Problem requirements |
Repeat verbatim, and only, the lines of the data below, beginning at the line that contains "Schlafzimmer mit einem" and stopping after the line that contains "Computer keyboard with".

━━━ The data ━━━

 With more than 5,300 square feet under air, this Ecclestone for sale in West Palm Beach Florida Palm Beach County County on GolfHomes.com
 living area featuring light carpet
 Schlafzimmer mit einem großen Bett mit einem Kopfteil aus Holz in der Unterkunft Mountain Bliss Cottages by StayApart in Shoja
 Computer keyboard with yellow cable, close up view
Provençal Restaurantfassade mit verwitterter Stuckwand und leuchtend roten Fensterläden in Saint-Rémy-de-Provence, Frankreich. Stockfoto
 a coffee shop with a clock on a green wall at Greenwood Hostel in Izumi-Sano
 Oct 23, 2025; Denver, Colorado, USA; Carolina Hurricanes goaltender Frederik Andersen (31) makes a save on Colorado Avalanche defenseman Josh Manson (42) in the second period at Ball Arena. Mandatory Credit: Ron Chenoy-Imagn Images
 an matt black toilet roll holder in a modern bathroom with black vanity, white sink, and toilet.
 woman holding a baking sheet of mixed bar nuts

━━━
━━━ The data ━━━

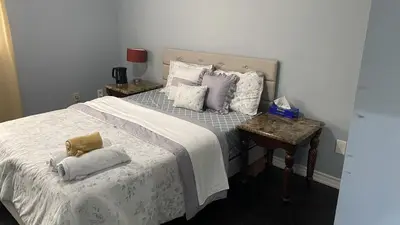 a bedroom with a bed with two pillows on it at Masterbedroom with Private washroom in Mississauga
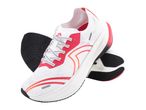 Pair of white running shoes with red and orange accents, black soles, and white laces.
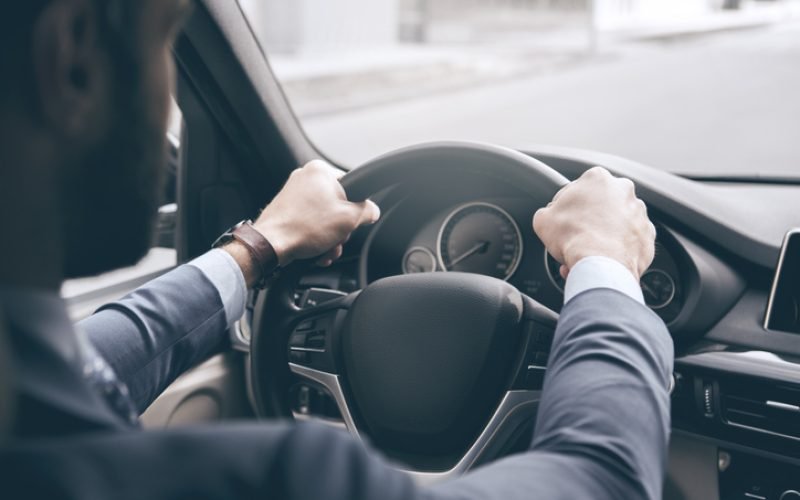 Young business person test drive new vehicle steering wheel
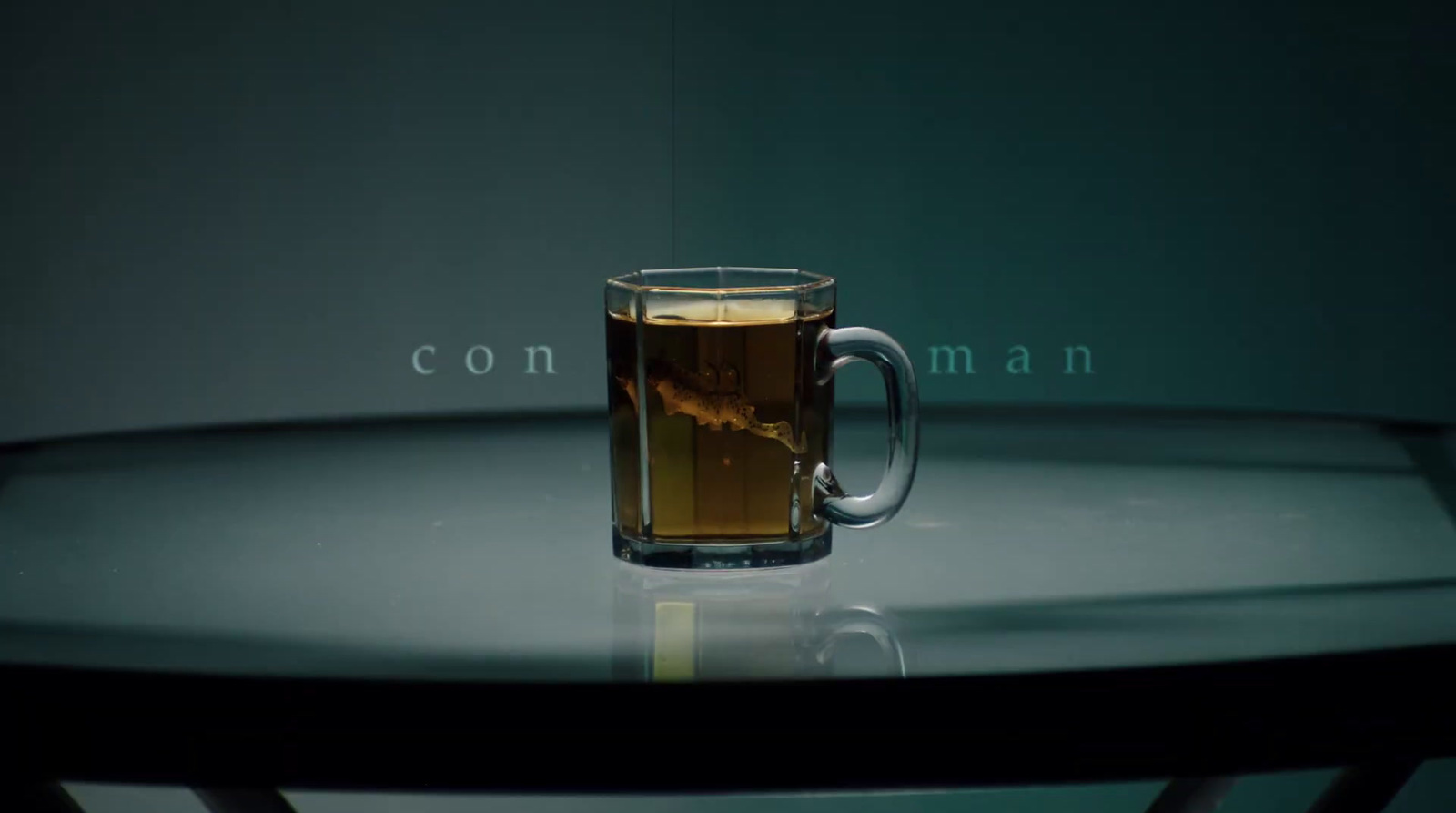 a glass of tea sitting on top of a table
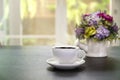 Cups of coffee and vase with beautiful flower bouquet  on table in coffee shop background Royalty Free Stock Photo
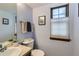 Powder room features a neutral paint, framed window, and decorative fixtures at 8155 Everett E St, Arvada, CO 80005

━━━
━━━ The data ━━━

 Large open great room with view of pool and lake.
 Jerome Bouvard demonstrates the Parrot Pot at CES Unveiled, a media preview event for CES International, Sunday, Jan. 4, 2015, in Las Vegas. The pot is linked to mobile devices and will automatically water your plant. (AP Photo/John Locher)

━━━

Written response |
 Schlafzimmer mit einem großen Bett mit einem Kopfteil aus Holz in der Unterkunft Mountain Bliss Cottages by StayApart in Shoja
 Computer keyboard with yellow cable, close up view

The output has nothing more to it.